> [What to produce]: Whichever lines of the material contain "blue", copy each of them.

### Materials provided ###

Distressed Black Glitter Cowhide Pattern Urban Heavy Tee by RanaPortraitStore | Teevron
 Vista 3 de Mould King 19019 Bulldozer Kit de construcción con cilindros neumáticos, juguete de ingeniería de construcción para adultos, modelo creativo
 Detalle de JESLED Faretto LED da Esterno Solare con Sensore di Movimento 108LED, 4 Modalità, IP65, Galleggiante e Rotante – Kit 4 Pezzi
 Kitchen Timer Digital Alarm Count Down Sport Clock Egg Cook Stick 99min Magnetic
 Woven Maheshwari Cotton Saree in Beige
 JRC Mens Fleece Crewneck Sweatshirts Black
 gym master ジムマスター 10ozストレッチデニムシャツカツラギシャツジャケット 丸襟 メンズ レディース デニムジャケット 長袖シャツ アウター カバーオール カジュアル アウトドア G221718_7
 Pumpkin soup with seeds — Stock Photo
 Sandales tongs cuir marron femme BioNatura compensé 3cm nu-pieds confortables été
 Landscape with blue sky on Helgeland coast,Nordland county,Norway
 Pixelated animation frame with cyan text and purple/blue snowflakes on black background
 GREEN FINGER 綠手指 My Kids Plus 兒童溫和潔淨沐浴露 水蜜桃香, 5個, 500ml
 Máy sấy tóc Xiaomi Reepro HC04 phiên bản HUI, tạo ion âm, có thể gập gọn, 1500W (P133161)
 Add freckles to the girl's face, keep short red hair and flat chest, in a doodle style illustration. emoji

###

> [Reply to the task]:
 Landscape with blue sky on Helgeland coast,Nordland county,Norway
 Pixelated animation frame with cyan text and purple/blue snowflakes on black background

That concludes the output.